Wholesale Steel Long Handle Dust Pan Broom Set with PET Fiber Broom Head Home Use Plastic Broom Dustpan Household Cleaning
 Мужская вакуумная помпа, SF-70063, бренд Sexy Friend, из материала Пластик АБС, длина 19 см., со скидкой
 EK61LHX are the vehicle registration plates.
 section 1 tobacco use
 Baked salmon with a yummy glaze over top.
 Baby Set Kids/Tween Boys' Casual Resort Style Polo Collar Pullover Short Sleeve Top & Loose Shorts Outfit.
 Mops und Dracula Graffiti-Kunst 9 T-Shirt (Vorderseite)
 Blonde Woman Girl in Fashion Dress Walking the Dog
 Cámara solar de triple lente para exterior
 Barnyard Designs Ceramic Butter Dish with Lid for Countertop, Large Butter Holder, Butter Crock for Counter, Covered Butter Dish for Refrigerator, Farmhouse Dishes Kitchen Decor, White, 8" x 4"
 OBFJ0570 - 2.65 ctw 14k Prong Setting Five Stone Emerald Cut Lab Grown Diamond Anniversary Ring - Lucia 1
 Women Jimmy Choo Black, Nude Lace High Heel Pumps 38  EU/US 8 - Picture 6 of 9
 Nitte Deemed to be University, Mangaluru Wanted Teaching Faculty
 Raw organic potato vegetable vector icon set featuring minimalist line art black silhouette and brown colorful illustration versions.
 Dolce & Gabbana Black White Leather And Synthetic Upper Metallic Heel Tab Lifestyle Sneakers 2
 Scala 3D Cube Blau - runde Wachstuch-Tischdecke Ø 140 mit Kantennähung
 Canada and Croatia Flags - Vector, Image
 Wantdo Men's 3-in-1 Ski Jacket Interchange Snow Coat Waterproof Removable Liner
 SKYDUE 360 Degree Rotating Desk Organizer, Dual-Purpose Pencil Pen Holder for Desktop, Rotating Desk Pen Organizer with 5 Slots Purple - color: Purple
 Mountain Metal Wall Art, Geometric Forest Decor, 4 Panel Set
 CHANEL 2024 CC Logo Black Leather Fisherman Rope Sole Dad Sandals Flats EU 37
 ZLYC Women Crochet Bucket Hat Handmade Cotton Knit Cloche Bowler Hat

# # # # #

Output the listing above word for word, from the opening line through the line that contains "Мужская вакуумная помпа, SF-70063, бренд", and leave out everything after it.

*WRITTEN SOLUTION*.
Wholesale Steel Long Handle Dust Pan Broom Set with PET Fiber Broom Head Home Use Plastic Broom Dustpan Household Cleaning
 Мужская вакуумная помпа, SF-70063, бренд Sexy Friend, из материала Пластик АБС, длина 19 см., со скидкой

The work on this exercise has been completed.